This was my first time really soldering, so it is definitely not pretty, but it fixed the board and I am quite proud of what I took away from the project! I have had a little experience with soldering in the past, but it was way back in middle school, so it really was not of much help. I would consider myself tech minded but have little experience actually fixing/working on electronics, so if I missed anything or need to clarify any points, please let me know in the comments!

     We had a Parallel Charge Board for JST-XH and T-Plug lying around for use in the shop which had been damaged in a stress test with a new charger. It worked fine for balancing on the left half of the board, but would not balance larger than a 3S on the other side due to a few burnt traces. With a simple circuit design and ease of assembly, the board was a perfect starting point for learning to solder.


     When servicing electronics it is best to begin by cleaning the area of interest. This not only allows a better view of what is actually causing the issue, but also prepares your work area for soldering later. I found two traces clearly had burnt and actually started to peel off of the board, so I clipped off the burnt tracings back to a point where I knew I could solder from the other side. A third trace was exposed but appeared intact, not broken as far as I could tell, so I left it until I could test it later and make sure it was working properly.

     As the burnt traces were too large to bridge with solder alone, I decided to use some extra wire we had lying around the shop to bridge the gap. I used 22 gauge wires; however any size that will handle the applied load will work. In order to get to the back of the board, I removed the board’s housing by unscrewing the four screws on the back.

     This exposes the pins underneath the board, providing a great spot to solder to. I began by figuring out where my missing traces were located on the reverse side. Using my multimeter on its resistance/ohmmeter setting, to determine which pins still had an intact trace, I began testing the pins until I determined which needed to be joined. This was fairly easy, as the board has visible traces and the balance ports are neatly arranged in line.

     Once I had determined which of the pins would be soldered to, I began the ‘tinning’ process to prepare the wire and pins to be soldered. Tinning is simply the act of applying a little bit of solder to the points that you will be soldering together. This provides a better surface to solder to, and promotes better contact between the joined pieces.

     In order to begin, I attached the smallest soldering iron tip available in order to get in between the JST-XH spaced pins on the board. Careful to only touch the pin I was soldering to with the iron, I held it on the far side of where I wanted the solder placed. As the pin heated up, I held the solder to where I wanted to tin, allowing the iron on the opposite side to heat the pin to the temperature necessary to melt the solder. Applying the solder in this manner is important, as it allows for the solder to better bond to the pin’s surface. If you simply melt the solder with the iron and drip the hot solder onto the cold pins surface, you would not receive this same bond we are after.
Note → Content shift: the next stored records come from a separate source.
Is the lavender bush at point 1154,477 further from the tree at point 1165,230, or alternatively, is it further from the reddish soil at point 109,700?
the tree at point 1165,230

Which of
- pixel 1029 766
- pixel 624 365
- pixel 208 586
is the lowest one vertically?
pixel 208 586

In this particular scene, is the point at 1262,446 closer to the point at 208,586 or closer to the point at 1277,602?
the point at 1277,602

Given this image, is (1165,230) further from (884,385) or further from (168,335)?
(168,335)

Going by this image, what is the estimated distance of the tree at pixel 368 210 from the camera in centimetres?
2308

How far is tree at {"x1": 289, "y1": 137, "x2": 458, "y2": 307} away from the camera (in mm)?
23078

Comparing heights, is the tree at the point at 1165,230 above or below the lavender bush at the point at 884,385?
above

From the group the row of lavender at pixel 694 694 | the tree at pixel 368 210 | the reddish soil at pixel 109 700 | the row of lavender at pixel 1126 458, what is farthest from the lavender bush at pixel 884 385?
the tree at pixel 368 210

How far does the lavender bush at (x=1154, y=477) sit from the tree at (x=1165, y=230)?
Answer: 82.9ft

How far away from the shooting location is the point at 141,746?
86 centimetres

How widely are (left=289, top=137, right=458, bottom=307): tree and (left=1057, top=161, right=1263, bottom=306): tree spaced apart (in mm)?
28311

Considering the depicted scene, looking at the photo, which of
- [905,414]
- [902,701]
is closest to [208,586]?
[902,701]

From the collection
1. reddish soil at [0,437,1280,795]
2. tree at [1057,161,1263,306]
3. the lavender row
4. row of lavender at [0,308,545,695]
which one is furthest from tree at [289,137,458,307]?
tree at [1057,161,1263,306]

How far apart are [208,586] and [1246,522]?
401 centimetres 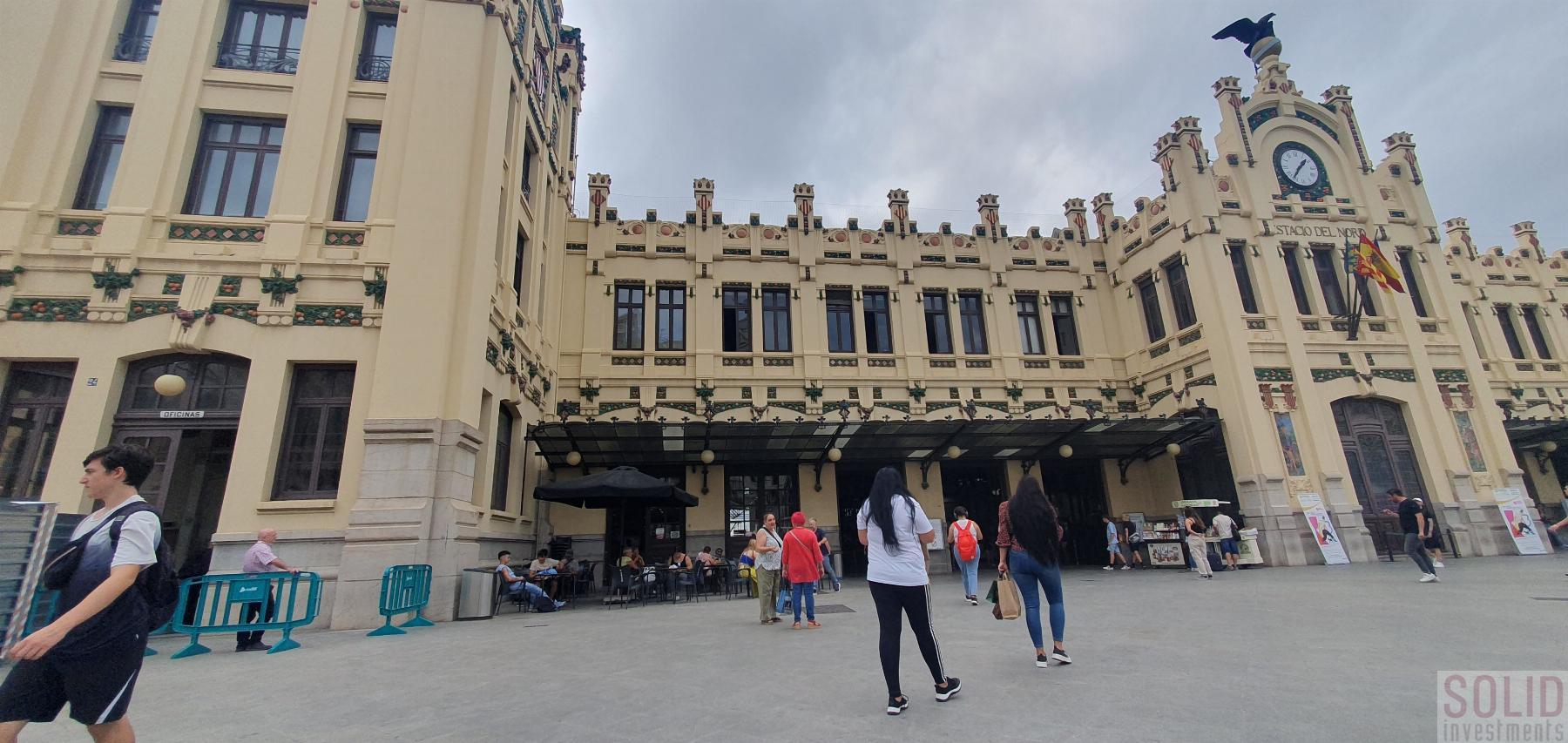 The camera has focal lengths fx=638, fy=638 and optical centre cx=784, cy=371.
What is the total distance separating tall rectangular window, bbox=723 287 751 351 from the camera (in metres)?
19.8

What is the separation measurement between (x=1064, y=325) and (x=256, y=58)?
23106 millimetres

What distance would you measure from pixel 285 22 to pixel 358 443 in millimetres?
9854

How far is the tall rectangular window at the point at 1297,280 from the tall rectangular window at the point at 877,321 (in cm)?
1215

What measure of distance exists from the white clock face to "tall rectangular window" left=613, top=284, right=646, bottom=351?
21382 mm

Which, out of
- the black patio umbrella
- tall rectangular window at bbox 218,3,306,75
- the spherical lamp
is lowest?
the black patio umbrella

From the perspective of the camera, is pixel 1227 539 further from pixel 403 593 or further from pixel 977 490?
pixel 403 593

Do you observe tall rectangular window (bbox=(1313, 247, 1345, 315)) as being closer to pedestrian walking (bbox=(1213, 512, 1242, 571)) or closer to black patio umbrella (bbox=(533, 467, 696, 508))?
pedestrian walking (bbox=(1213, 512, 1242, 571))

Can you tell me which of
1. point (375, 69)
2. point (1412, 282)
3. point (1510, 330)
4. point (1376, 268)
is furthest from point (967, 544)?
point (1510, 330)

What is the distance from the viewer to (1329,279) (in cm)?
2034

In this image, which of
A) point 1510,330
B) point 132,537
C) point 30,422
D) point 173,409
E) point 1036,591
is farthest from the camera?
point 1510,330

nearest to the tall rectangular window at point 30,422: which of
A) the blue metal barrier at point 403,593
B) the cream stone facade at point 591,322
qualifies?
the cream stone facade at point 591,322

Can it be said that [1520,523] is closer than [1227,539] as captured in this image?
No

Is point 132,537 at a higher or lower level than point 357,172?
lower

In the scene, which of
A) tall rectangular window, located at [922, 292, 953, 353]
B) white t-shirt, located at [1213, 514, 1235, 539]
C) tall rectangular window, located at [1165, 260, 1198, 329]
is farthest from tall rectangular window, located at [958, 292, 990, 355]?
white t-shirt, located at [1213, 514, 1235, 539]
     Once that is done, the soldering process begins. As I was soldering two wires to the board, I wanted to make sure not only that I had enough room between them that they did not come into contact, but also that there would be enough room to work around them with the soldering iron tip. In order to do this, I positioned the wires to the outside of the pins, making sure good contact was made between the wire and pin to allow the heat to flow between the two. Maintaining that contact, I held my soldering iron to the pin until I could see the solder from tinning begin to melt. At this point, I touched the solder from the spool to the heated pin and wire, making sure a good amount of solder wicked between the two. I was careful not to apply too much, as I did not want to make contact with the other pin. I repeated this process on the other end, after allowing enough time for the jumper wire to cool in between soldering. I then repeated this entire process for the second gap that needed bridging.

     After finishing soldering, I checked the connections one last time with my ohmmeter to make sure I had properly completed the traces. I reassembled the board and hooked it up to my iCharger to make sure it was working properly. Using a 6S Spyder battery, I tested the balance ports on right hand side to make sure the charger would properly read cell voltages. I was glad when it read the correct voltages on the bottom most 6S port, as I knew this would mean the correct connections were all now complete!

     I picked up this project to teach myself a little bit about the process of soldering, and also walked away with a better understanding of the parallel charge board. The teardown and reassembly of any device you might be working on will teach you at least a little more about how the devices work. I can’t wait for the next device that fails and needs repair to come my way. I will try to remain as open to trying new things, and if I do, will surely write another entry about it to let you guys know how it goes!